= Beaumont le Maître =

Naval officer

Beaumont le Maître was a French Navy officer. He fought in the Indian Ocean under Suffren during the War of American Independence, notably captaining the 64-gun Ajax at the Battle of Trincomalee from 25 August to 3 September 1782 and Saint Michel at the Battle of Cuddalore on 20 June 1783.

== Biography ==
Born the family of a gally captain, Beaumont le Maître joined the Navy as a Garde-Marine on 12 January 1766. He was promoted to Lieutenant on 13 March 1779.
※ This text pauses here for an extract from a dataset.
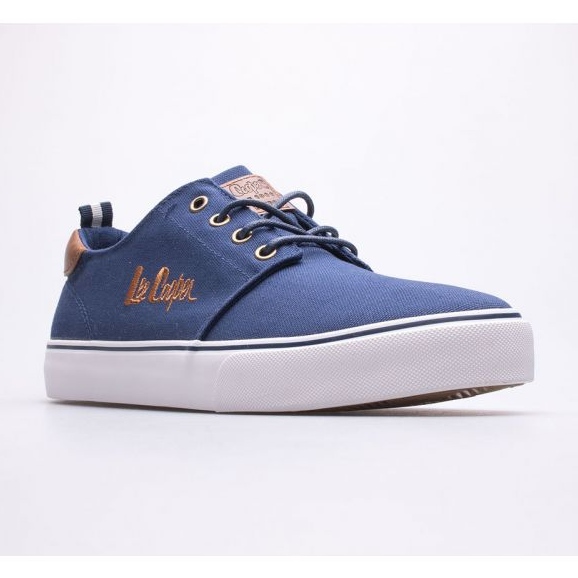 Zapatos, zapatillas Lee Cooper M LCW-22-31-0856M azul 1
With the outbreak of the Fourth Anglo-Dutch War, France and the Dutch Republic found themselves allied against the Kingdom of Great Britain. The Dutch expected the British to send an expeditionary force to try and capture their Dutch Cape Colony, and Suffren was given command of a 5-ship squadron to reinforce it. Beaumont le Maître was a Lieutenant on the 64-gun Vengeur, under Forbin).

After the Battle of Negapatam of 6 July 1782, Suffren replaced four of his captain, among whom the ailing and possibly senile Bouvet de Précourt. Suffren chose Beaumont le Maître to replace him as captain of Ajax.

Beaumont le Maître commanded Ajax at the Battle of Trincomalee. Suffren was pleased with his performance.

Beaumont le Maître then transferred to Saint Michel, which he commanded at the Battle of Cuddalore on 20 June 1783, again with distinction.